Leaving out pictures, output exactly the lines below from the one that has "Grand Koru Hotel Beach" through the one that has "říká odborník Máme", and nothing else.
##### INPUT MATERIAL
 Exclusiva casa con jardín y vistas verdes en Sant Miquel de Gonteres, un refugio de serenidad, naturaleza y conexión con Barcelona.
##########
##### INPUT MATERIAL
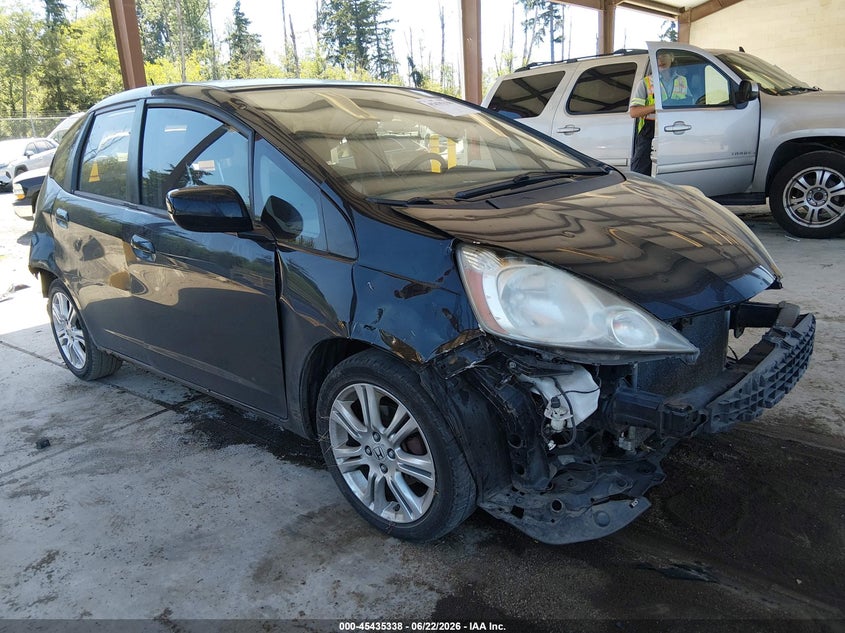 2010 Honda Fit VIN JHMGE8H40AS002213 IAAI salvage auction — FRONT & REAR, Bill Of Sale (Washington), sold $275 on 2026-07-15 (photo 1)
##########
##### INPUT MATERIAL
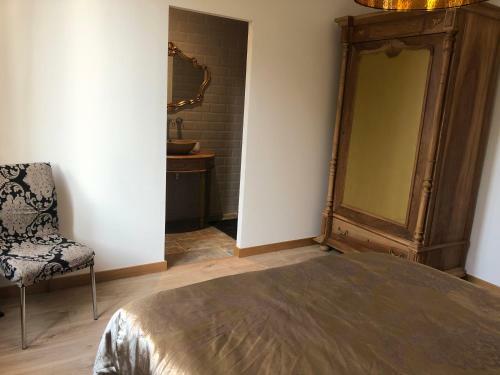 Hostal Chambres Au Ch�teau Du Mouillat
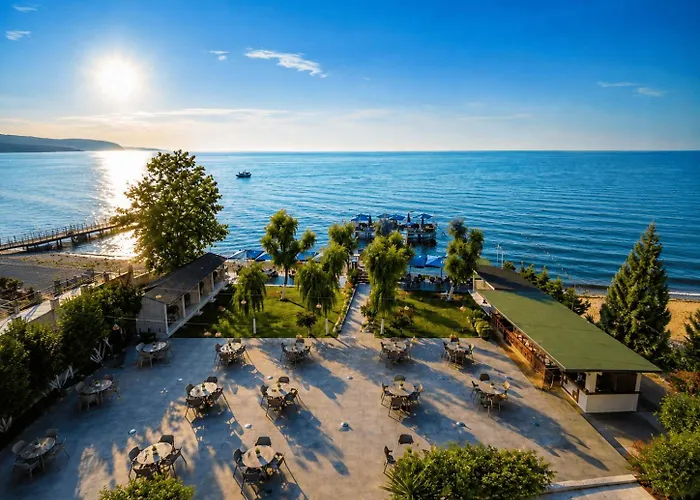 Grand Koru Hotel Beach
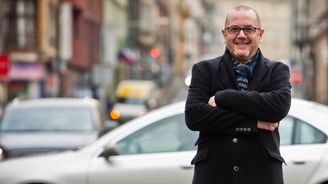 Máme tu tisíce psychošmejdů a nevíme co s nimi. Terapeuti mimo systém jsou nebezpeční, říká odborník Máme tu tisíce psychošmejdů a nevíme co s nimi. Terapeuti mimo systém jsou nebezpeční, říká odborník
##########
**SOLVED PROBLEM**
 Grand Koru Hotel Beach
 Máme tu tisíce psychošmejdů a nevíme co s nimi. Terapeuti mimo systém jsou nebezpeční, říká odborník Máme tu tisíce psychošmejdů a nevíme co s nimi. Terapeuti mimo systém jsou nebezpeční, říká odborník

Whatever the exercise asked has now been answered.